Langsam geht es mir selber auf den Wecker, dass ich immer über dieselben Dinge schreiben muss. Als ob alles nur ein dummer Witz wäre, bekomme ich doch vorgestern eine email, die besagt, dass Tibet wohl ab Oktober wieder offen ist, und damit eine Durchquerung Chinas Richtung Nepal wieder möglich. Einen Tag später treffen wir beim Wandern ein Schweizer Paar, welches in Almaty ein Mongolei- Visum bekommen hat. Die Botschaft dort war nicht dauerhaft geschlossen, sondern hatte Urlaub. Während dieser Zeit sollte man für das Visum nach Astana fahren. Seit Montag ist es wieder in Almaty zu bekommen, es gibt sogar ein Express- Visum in 2 Stunden. Das hätte der Botschafts- Mitarbeiter mir ja auch am Telefon so sagen können…

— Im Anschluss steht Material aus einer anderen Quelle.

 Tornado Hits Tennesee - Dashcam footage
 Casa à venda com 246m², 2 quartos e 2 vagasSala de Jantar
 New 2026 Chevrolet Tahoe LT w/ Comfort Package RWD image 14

Nun ja, schon in meinem Beruf (Berater in der IT) habe ich ja schon immer am liebsten sinnlose Pläne gemacht, die hinterher sowieso wieder verworfen werden, weil irgendein Entscheider dagegen ist, aber den Plan unbedingt braucht, damit er überhaupt weiß, dass er dagegen ist. So geht es uns nun auch: Sylvia und ich haben den Großteil unserer ursprünglich geplanten Reiseroute aufgrund äußerer Umstände (geschlossene Grenzen, keine Visa) verworfen. Nun haben sich die äußeren Umstände selbst wieder verworfen, also muss neu entschieden und geplant werden.

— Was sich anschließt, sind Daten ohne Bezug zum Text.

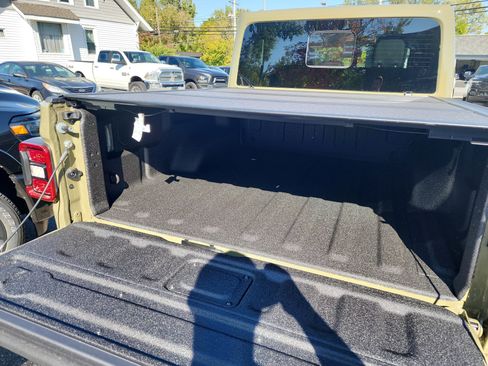 New 2025 Jeep Gladiator Rubicon image 30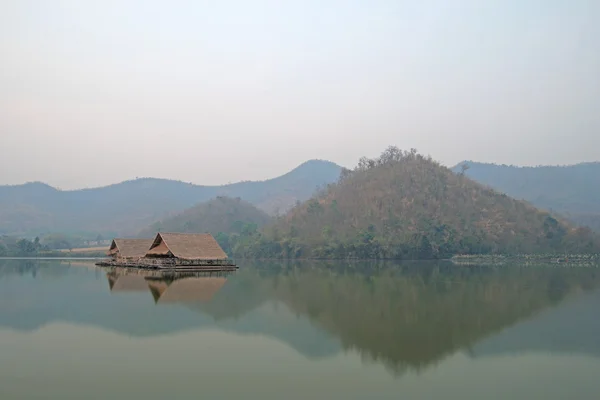 Chalet dans le lac avec fond de ciel — Photo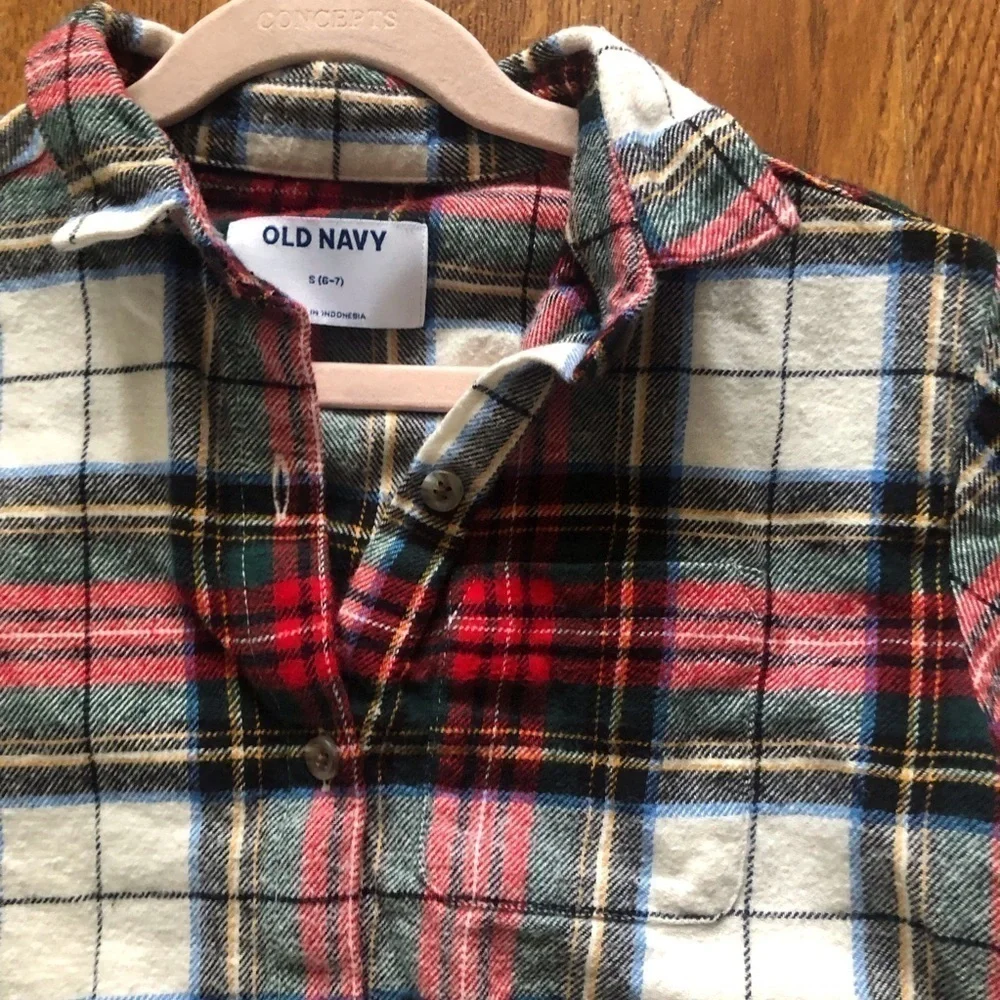 Old Navy red & green flannel long sleeve button down in size S (6-7)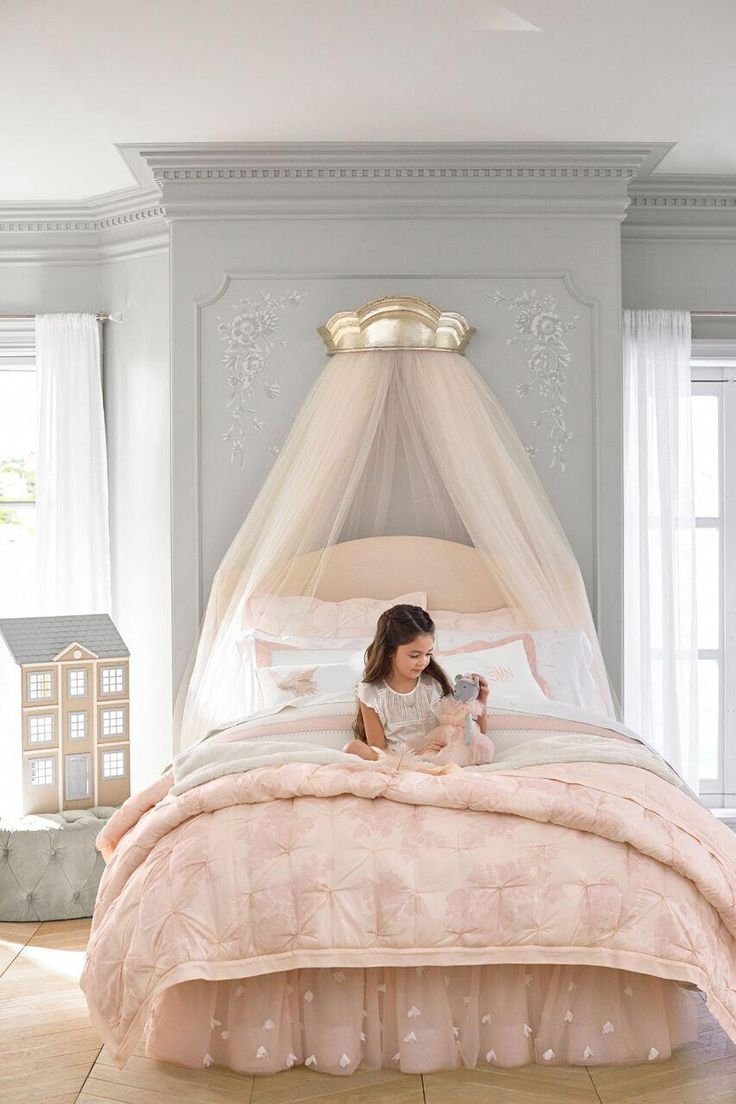 Кровать для принцессы с балдахином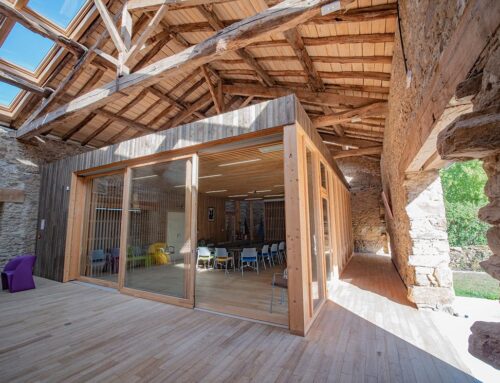 Fabricant de menuiseries bois bas carbone : Fenêtres bois sur mesure.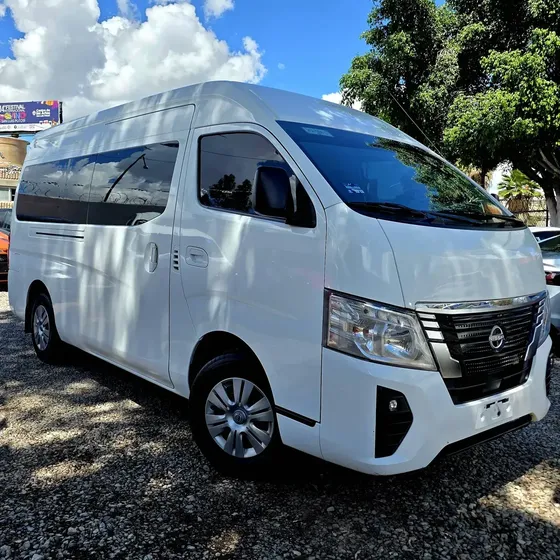 Nissan Urvan 2024 2.5 11 Pas Aa Mt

Um es vorweg zu nehmen: Der neue Plan ist der alte (der gekürzte alte, nicht der ursprüngliche. In der IT würde man sagen, Version 1.3 gilt weiterhin). Wir verbringen den Rest des Sommers in Kasachstan und dem russischen Altai. Keine Mongolei, kein Himalaya, kein Winter bei 30 Grad in Indien. Winter bei plus (immerhin) 0,5 Grad und Nieselregen in Deutschland. Ich hatte mir schon Hoffnungen gemacht, mit der neuen Situation unseren ursprünglichen Plan noch verwirklichen zu können, und nun mit verkürzter Route direkt von Kirgistan über China nach Nepal und Indien fahren zu können. Wir hätten ohne Fahr-Stress 10 Wochen Urlaub in der Bergwelt Kirgistans machen und danach China auf einer kürzeren Route durchqueren können. Doch Sylvia ist das zu riskant (China könnte plötzlich wieder Tibet sperren, dann ständen wir da, kurz vor Wintereinbruch in Kirgistan). Sylvia will nach Hause. Nicht sofort, aber das ursprünglich geplante Jahr ist ihr doch zu lang, ein halbes Jahr reicht. Das Reisen fällt nicht mehr so leicht wir früher.
Auch für die Mongolei ist es uns beiden jetzt zu spät, wir würden überall nur noch durchrasen. Durch das Hin- und Her mit dem Visum ist schon wieder eine Woche vergangen, und für die Mongolei sollte man nun wirklich Zeit mitbringen. Wenn wir uns doch noch ein weitetes Mal aufraffen können, Europa mit dem Gran Hermano zu verlassen, wäre das ein mögliches Ziel.
So werden unsere Räder also bald wieder nach Westen rollen, und die, die froh waren, uns einige Zeit los zu sein, müssen uns noch dieses Jahr wieder ertragen. Wer uns vermisst hat, kann sich dafür freuen. Und er kann sich sogar doppelt freuen: Mit diesen Erfahrungen aus unserer Reise erscheint unsere Idee, einmal auszuwandern und eine Brauerei unter südlicher Sonne aufzumachen nicht durchführbar. Also Freunde, macht Euch Gedanken, wie wir die 1000- Liter-Bier Maschine zu Hause zum Laufen bringen und was für Quatsch wir sonst noch so treiben.
Wir fahren jetzt gerade noch ein letztes Mal Richtung Osten, zum Sharyn Canyon, dem Grand Canyon Kasachstans, bevor wir dann an der Grenze zu China den Wendepunkt erreichen und dabei hoffentlich noch einen Blick auf einen Siebentausender erhaschen können. Der Weg bleibt das Ziel, er ist nur kürzer. Doch das ist irrelevant, denn schon auf dem Weg zum Zigarettenautomaten können Dinge passieren, die das Leben für immer verändern.